══ Entries shown
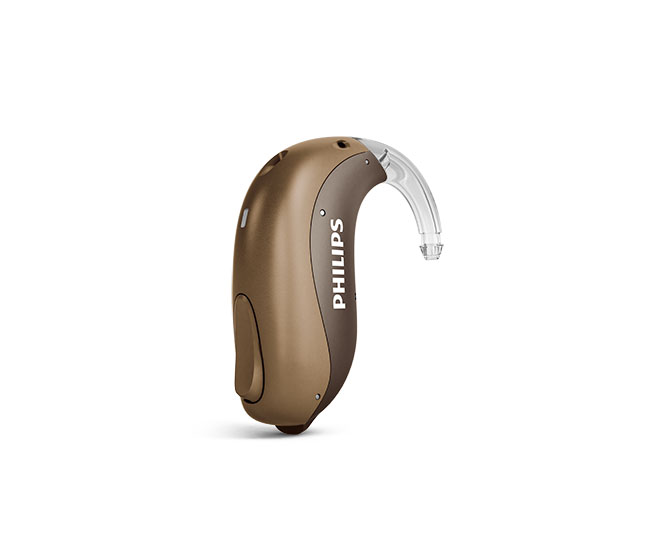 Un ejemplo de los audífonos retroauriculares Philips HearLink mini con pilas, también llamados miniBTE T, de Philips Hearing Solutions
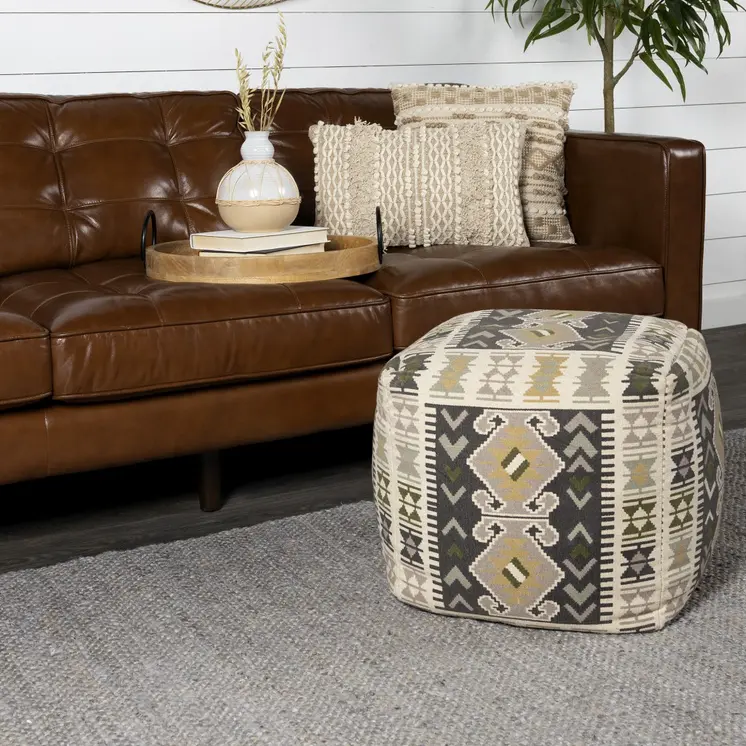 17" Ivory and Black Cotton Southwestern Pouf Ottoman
════
══ Entries shown
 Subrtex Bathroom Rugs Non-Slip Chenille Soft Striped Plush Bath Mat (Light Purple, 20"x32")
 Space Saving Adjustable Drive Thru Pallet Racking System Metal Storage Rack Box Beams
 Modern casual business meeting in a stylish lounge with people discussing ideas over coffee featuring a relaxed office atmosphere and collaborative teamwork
════
══ Entries shown
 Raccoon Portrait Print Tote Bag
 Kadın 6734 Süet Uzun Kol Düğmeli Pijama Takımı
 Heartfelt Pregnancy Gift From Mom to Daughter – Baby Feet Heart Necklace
════
Directions for this task: A clean copy is needed of the lines in the listing above from the one with "Un ejemplo de" through the one with "Southwestern Pouf Ottoman", exact in every word and free of pictures.

Solution for this task:
 Un ejemplo de los audífonos retroauriculares Philips HearLink mini con pilas, también llamados miniBTE T, de Philips Hearing Solutions
 17" Ivory and Black Cotton Southwestern Pouf Ottoman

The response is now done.